To I as the creator of my humanities that I opt to show

                                                                  Are solely for the select

To escape to enter a kingdom within my word

“alas” my tongue may lack expression

“thus” clearly within mans mind

at least there without voice, my Witter shall be heard!

 
JD

Reviews

Written by amboline (183 comments posted) 18th April 2006
I'm not entirely sure how to respond to this. On the one hand, you acknowledge that it's an early poem and that your material hasn't ever seen the light of day before - so you deserve congratulations (and encouragement) for having the guts to put your writing out here for the world to see! On the other hand there are aspects of this poem I don't really like. To criticise too much would be unfair to you at this stage in your poetic career - and I certainly wouldn't want you to stop writing and exhibiting your work! 
 
As you did ask for feedback, though, here are a few initial responses, which I hope will be helpful if you want to revise this work, or for developing new material: 
 
(1) The tone of the piece is very apologetic. You don't NEED to provide us with excuses for being a poet - just do it, and be proud that you're doing it! For that reason, your last line - "my Witter shall be heard" - was probably my favourite in the piece. It has a defiance which is really satisfying; after all, poetry is a fairly counter-cultural activity, and you could probably celebrate this a bit more in your earlier verses, rather than apologising for it. 
 
(2) Was there a particular reason why you chose to make each line rhyme? The lines of this piece really flow as if they are free verse, and forcing a rhyme into the end of every sentence in my opinion weakens the poem. It also forces you to take some dreadful liberties with your word order, so that you can shoe-horn in the rhymes:  
 
"Therefore a poet is an individual and if no force to 
Stand and speak 
It shall not mould the man of letters inferior nor shape 
Him less complete" 
 
sounds very contrived - it may (approximately) rhyme but only at the expense of the meaning of the sentence being lost.

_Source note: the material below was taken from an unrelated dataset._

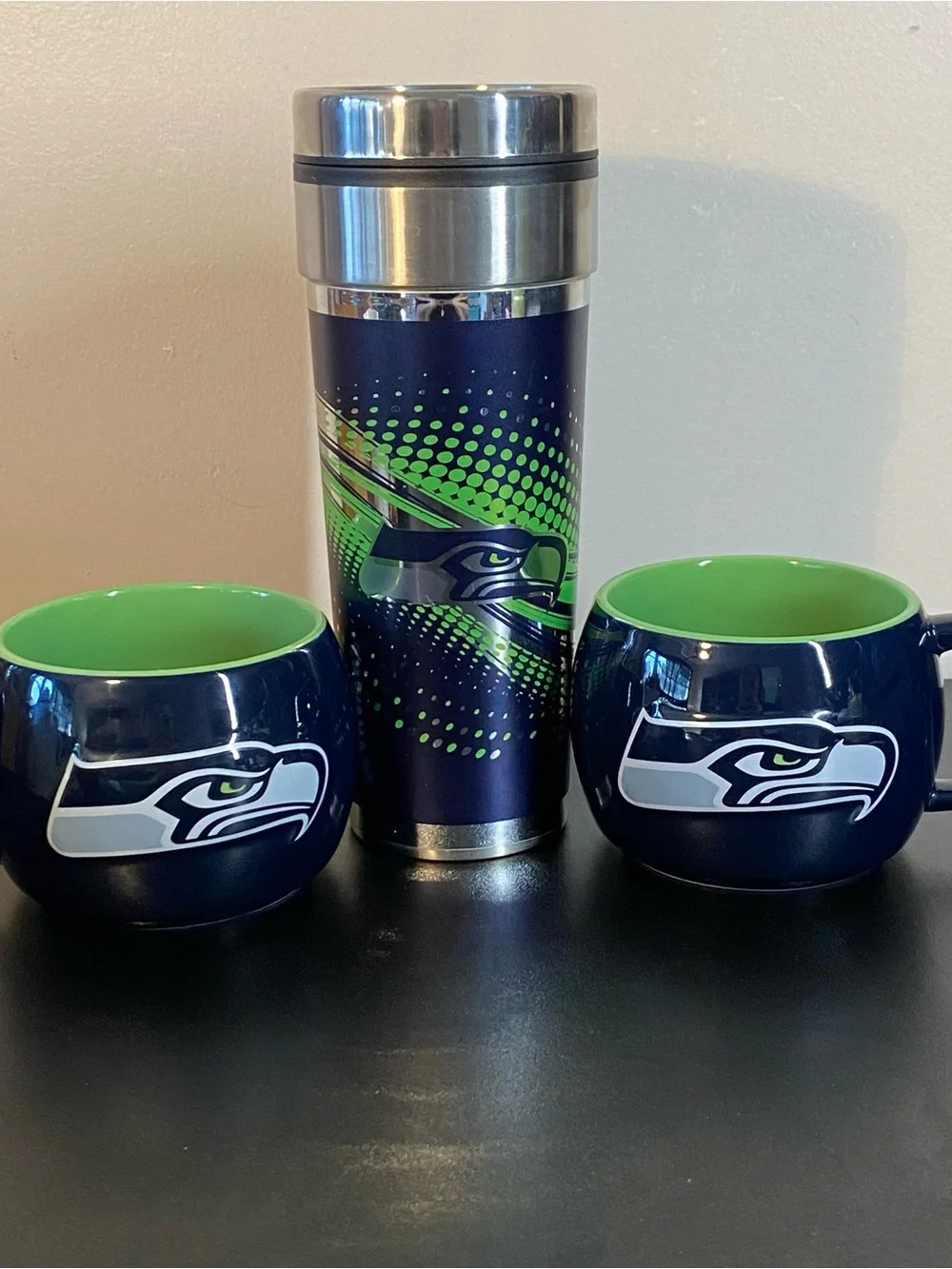 Seattle Seahawks Stainless Steel Travel Tumbler & Ceramic Mug 3 Pc Set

I almost want to print out your words onto a piece of paper, cut out each word and rearrange them all to try and work out the message behind what you're saying here. 
 
(3) The other thing I wasn't really comfortable with was that you've used some really old-fashioned sounding expressions. "Alas", "thus", "a scant of tuition". They don't really fit with the more modern phrases elsewhere ("witter", "hotfooting"). I wonder if this might be an accident of who your poetic influences are - if you tend to read mostly 18th/19th century poetry then it will probably show up in your language use, and I'd encourage you to look at the work of some contemporary poets, to see how they craft poems in 21st century language. 
 
Having said all that, well done again for putting a first poem up on this site. Remember that if you DO revise any of your material as a result of other readers' reviews, you can always post up the new version too, so we can see how the poem evolves. Most good poems are a process of continual evolution and fine tuning; very few arrive in the world 100% perfect!
The Quiet Poet
Written by paulgpaul (37 comments posted) 6th May 2006
This poem seems steeped in metaphysics: by that I mean that both the tone and syntax are from a bygone age and, as such, no longer resonate. There are plenty of ideas in there, but you need to tease them into a contemporary form. I would go further than Amboline and say that the archaic appearance, if were polished, would do any beginning poet credit despite the mixing of idiom and pedantry. However, as it stands, the poem shows promise: stick with it, rewriting line by line if necessary, and you'll be surprised what comes out!